When a developer tries to make a commit, pre-commit will run automatically before the commit is successful. This ensures that any code committed passes the pre-commit check on a pull-request before it can be merged.

Summary

In conclusion, incorporating Pre-Commit and SQLFluff into my SQL development workflow has been a game-changer. These tools have helped me achieve consistent, error-free SQL code, saving valuable time and allowing me to work more effectively with data. With Pre-Commit, I can ensure that code quality checks are performed before committing changes, catching any issues early on. SQLFluff, on the other hand, acts as a powerful SQL linter, automatically reviewing my code for syntax errors, indentation, and naming conventions.
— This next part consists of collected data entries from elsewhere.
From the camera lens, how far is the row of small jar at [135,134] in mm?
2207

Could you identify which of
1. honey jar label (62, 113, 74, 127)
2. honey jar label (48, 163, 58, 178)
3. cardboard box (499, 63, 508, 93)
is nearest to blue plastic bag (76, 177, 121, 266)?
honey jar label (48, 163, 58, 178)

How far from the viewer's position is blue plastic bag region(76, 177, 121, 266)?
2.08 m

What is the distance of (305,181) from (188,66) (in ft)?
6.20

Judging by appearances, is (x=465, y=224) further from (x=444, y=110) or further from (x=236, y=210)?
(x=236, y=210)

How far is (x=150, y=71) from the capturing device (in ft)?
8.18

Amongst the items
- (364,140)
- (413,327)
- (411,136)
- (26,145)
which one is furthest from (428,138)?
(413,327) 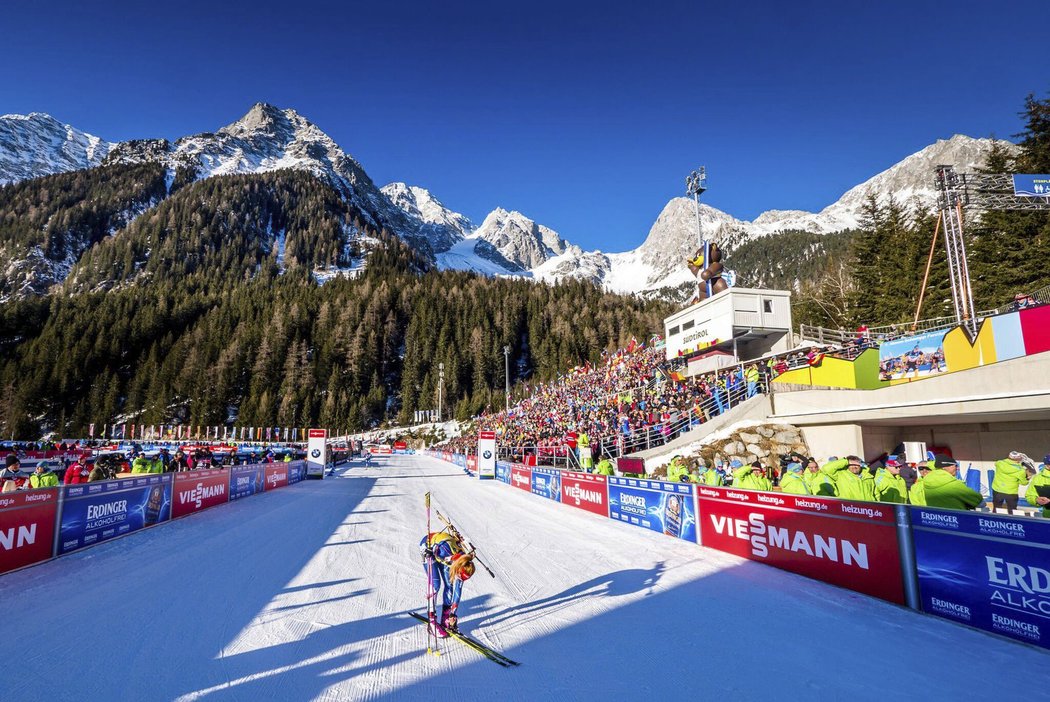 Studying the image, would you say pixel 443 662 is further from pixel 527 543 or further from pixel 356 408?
pixel 356 408

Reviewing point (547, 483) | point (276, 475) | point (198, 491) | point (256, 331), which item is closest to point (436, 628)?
point (198, 491)

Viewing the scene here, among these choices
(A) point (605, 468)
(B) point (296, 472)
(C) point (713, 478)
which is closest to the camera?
(C) point (713, 478)

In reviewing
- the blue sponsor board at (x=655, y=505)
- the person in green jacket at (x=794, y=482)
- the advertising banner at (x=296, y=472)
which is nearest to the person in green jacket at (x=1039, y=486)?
the person in green jacket at (x=794, y=482)

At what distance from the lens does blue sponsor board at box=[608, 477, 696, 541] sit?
34.2 feet

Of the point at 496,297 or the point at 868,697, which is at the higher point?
the point at 496,297

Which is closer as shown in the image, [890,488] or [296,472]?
[890,488]

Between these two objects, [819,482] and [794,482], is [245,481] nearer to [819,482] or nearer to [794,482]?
[794,482]

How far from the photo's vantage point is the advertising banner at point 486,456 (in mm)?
29312

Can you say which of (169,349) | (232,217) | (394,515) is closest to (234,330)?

The result is SQL code that is well-organized and meets the standards set by my team. By following the steps outlined in this blog post, you, too, can leverage the power of Pre-Commit and SQLFluff to streamline your SQL development process and improve code quality. Say goodbye to inconsistent and error-prone SQL code and embrace a more efficient and reliable approach to working with data.